**Exercise**
Pictures in the records below must be left out. Return exactly the lines from the line with "Générique Tapis Salon" to the line with "GobekUsa Clear Glass", both included.

**Given records**
[Start of section]

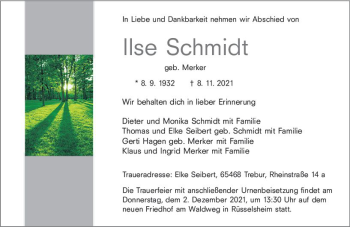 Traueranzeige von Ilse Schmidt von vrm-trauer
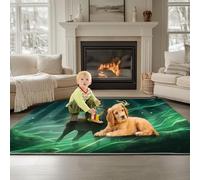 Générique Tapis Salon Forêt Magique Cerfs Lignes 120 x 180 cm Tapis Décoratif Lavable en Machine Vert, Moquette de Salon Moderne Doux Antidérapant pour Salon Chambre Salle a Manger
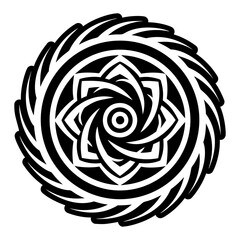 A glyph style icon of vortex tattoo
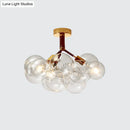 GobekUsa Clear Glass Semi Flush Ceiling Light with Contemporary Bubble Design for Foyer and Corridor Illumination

[End of section]
[Start of section]

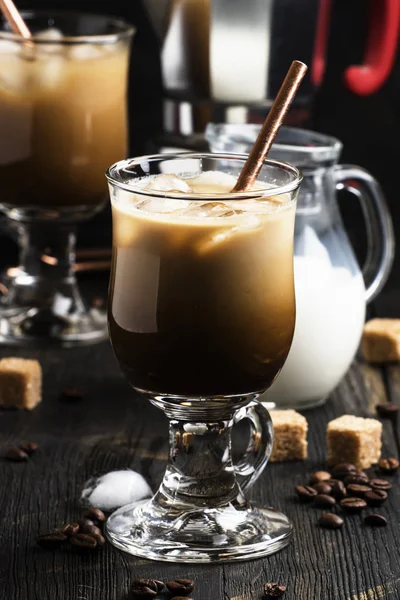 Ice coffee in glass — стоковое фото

[End of section]
[Start of section]

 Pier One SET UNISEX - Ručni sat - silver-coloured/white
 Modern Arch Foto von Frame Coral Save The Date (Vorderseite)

[End of section]

**Response below**
 Générique Tapis Salon Forêt Magique Cerfs Lignes 120 x 180 cm Tapis Décoratif Lavable en Machine Vert, Moquette de Salon Moderne Doux Antidérapant pour Salon Chambre Salle a Manger
 A glyph style icon of vortex tattoo
 GobekUsa Clear Glass Semi Flush Ceiling Light with Contemporary Bubble Design for Foyer and Corridor Illumination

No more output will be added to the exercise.